### Provided data
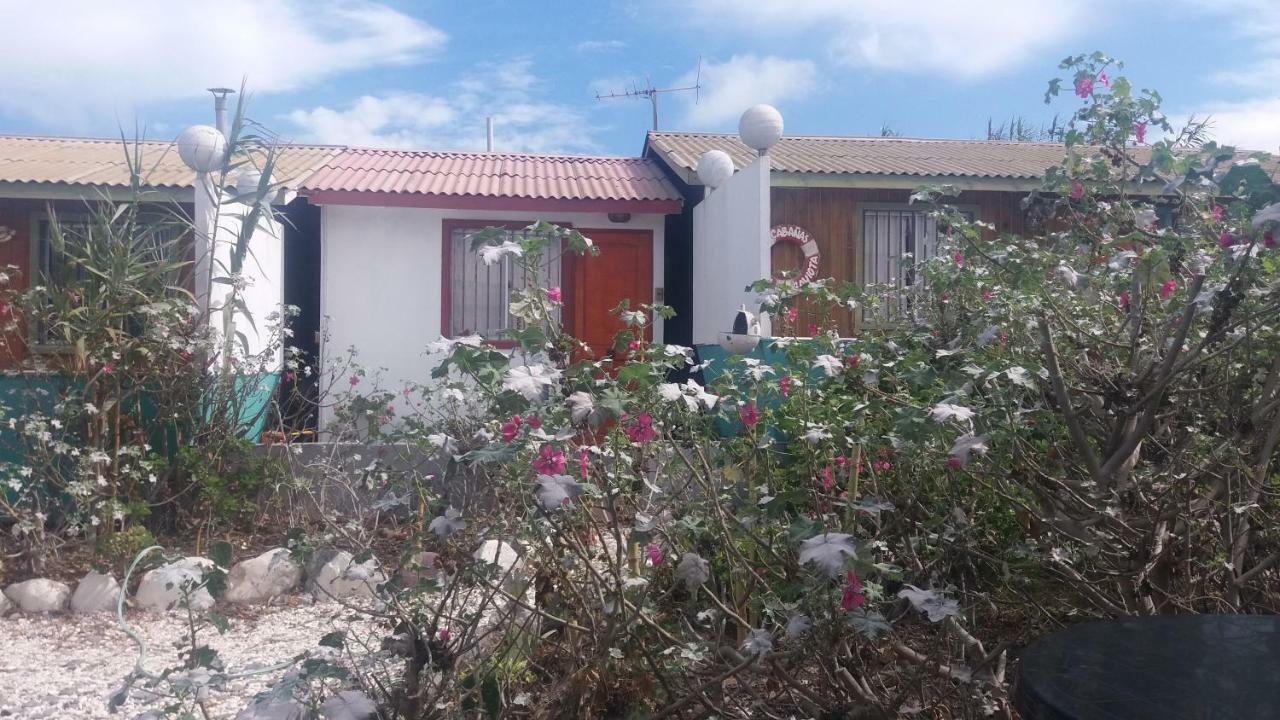 Cabanas Juan Gaviota Punta de Choros Kültér fotó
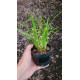 Ornitophora Radicans - Micro-orquidea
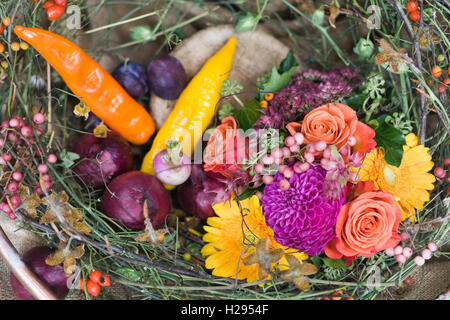 Les légumes récoltés Banque D'Images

### Work instructions
The material must be returned exactly, with its pictures omitted.

### Reply to the exercise
 Cabanas Juan Gaviota Punta de Choros Kültér fotó
 Ornitophora Radicans - Micro-orquidea
 Les légumes récoltés Banque D'Images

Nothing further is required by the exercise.